Iteratively reweighted least squares for LASSO problem

Question

I'm trying to solve the following (here simplified) problem (here 1D, and $x>0$):

$$ \arg \min_{x} \frac{1}{2} \left\| A x - b \right\|_{2}^{2} + \frac{1}{2} \left\| x \right\|_{1}$$

I need to solve the problem with IRLS and both terms need to have the common pre-factor $\frac{1}{2}$ to not need a special handling in the code. In the IRLS spirit the problem can be reformulated to:

$$ \arg \min_{x} \frac{1}{2} \rho_1\left(\left\| A x - b \right\|_{2}^{2}\right) + \frac{1}{2} \rho_2\left(\left\| x \right\|_{2}^2\right), \quad \rho_1(s)=s, \quad \rho_2(s)=\sqrt{s}$$

Taking the derivative we get: $$ 0 = \rho_1' A^T (Ax -b) + \rho_2' x$$

Thus we have a weighted least squares problem that we can iteratively solve:

$$ \arg \min_{x} \frac{1}{2} \left\| A x - b \right\|_{2}^{2} + \frac{1}{2} \left\| x \right\|_{1} = \arg \min_{x} \frac{1}{2} w_1 \left\| A x - b \right\|_{2}^{2} + \frac{1}{2} w_2 \left\| x \right\|_{2}^2$$ with $w_1 =\rho_1' = 1,\quad w_2(\left\| x \right\|_{2}^2) =\rho_2'(\left\| x \right\|_{2}^2) = \frac{1}{2\sqrt{\left\| x \right\|_{2}^2}} = \frac{1}{2\left\| x \right\|_{1}}$

Implementing this for: $\arg \min_{x} \frac{1}{2} \left\|x - 2 \right\|_{2}^{2} + \frac{1}{2} \left\| x \right\|_{1}$ I get the correct solution of $x=\frac{3}{2}$. Nevertheless, I get a different loss when evaluating: $ \frac{1}{2} w_1 \left\| x - 2 \right\|_{2}^{2} + \frac{1}{2} w_2 \left\| x \right\|_{2}^2 = 0.5 \neq 0.875$. Evaluating $ \frac{1}{2} w_1 \left\| x - 2 \right\|_{2}^{2} + w_2 \left\| x \right\|_{2}^2 = 0.875$ gives the correct result which I don't understand. Which point in my derivation is incorrect and how can I fix this?

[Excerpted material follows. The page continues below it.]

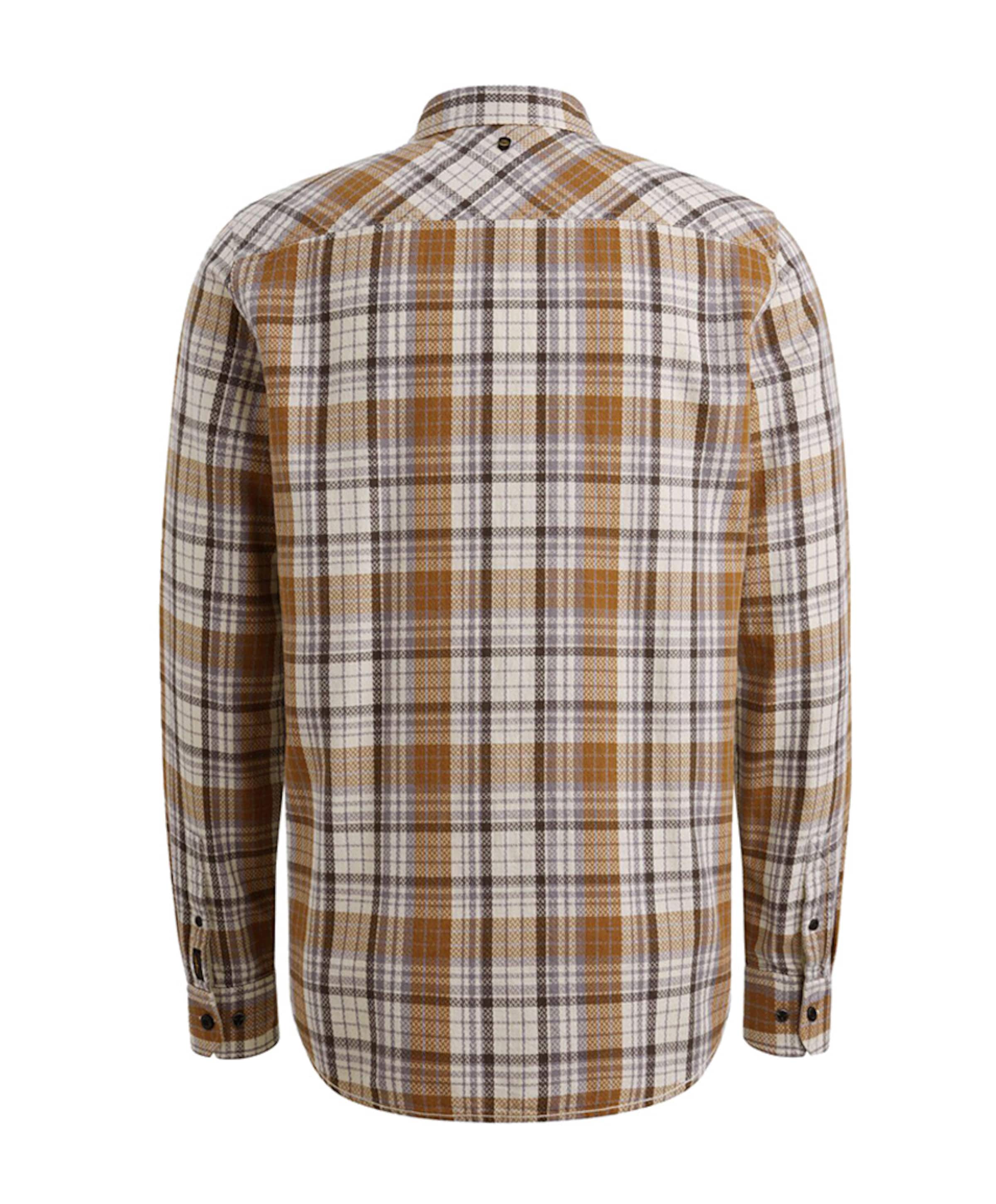 Heren overhemd lange mouw bruin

Below is the implemented algorithm

import numpy as np
1/2 ||Ax-y||^2 + 1/2 ||x||_1
1/2 ||x-2||^2  + 1/2 ||x||_1
A = np.ones([1, 1])
y = np.array([2])
x = np.ones([1]) * 0.5
W1 = lambda x: 1.0
W2 = lambda x: 1 / np.abs(2 * x)
for _ in range(100):
    x = np.linalg.inv(W1(x) * A.T @ A + W2(x) * np.eye(x.size)) @ A.T @ y
print("optimized x: " + str(x))
print("loss: " + str(0.5 * np.sum((A @ x - y) ** 2) + 0.5 * np.abs(x)))
print("irls loss: " + str(0.5 * W1(x) * np.sum((A @ x - y) ** 2) + 0.5 * W2(x) * np.sum(x ** 2)))  # incorrect
print("irls loss: " + str(0.5 * W1(x) * np.sum((A @ x - y) ** 2) + W2(x) * np.sum(x ** 2)))  # correct

Note that https://stats.stackexchange.com/users/6244/royi answers a similar problem in https://stats.stackexchange.com/a/299380 but without .

Answer 1

The IRLS for the LASSO problem is as following:

$$ \arg \min_{x} \frac{1}{2} \left\| A x - b \right\|_{2}^{2} + \lambda \left\| x \right\|_{1} = \arg \min_{x} \frac{1}{2} \left\| A x - b \right\|_{2}^{2} + \lambda {x}^{T} W {x} $$

Where $ W $ is a diagonal matrix - $ {W}_{i, i} = \frac{1}{ \left| {x}_{i} \right| } $.
This comes from $ \left\| x \right\|_{1} = \sum_{i} \left| {x}_{i} \right| = \sum_{i} \frac{ {x}_{i}^{2} } { \left| {x}_{i} \right| } $.

Now, the above is just Tikhonov Regularization.
Yet, since $ W $ depends on $ x $ one must solve it iteratively (Also this cancels the 2 factor in Tikhonov Regularization, As the derivative of $ {x}^{T} W x $ with regard to $ x $ while holding $ x $ as constant is $ \operatorname{diag} \left( \operatorname{sign} \left( x \right) \right) $ which equals to $ W x $):

$$ {x}^{k + 1} = \left( {A}^{T} A + \lambda {W}^{k} \right)^{-1} {A}^{T} b $$

Where $ {W}_{i, i}^{K} = \frac{1}{ \left| {x}^{k}_{i} \right| } $.

Initialization can be by $ W = I $.

Pay attention this doesn't work well for large values of $ \lambda $ and you better use ADMM or Coordinate Descent.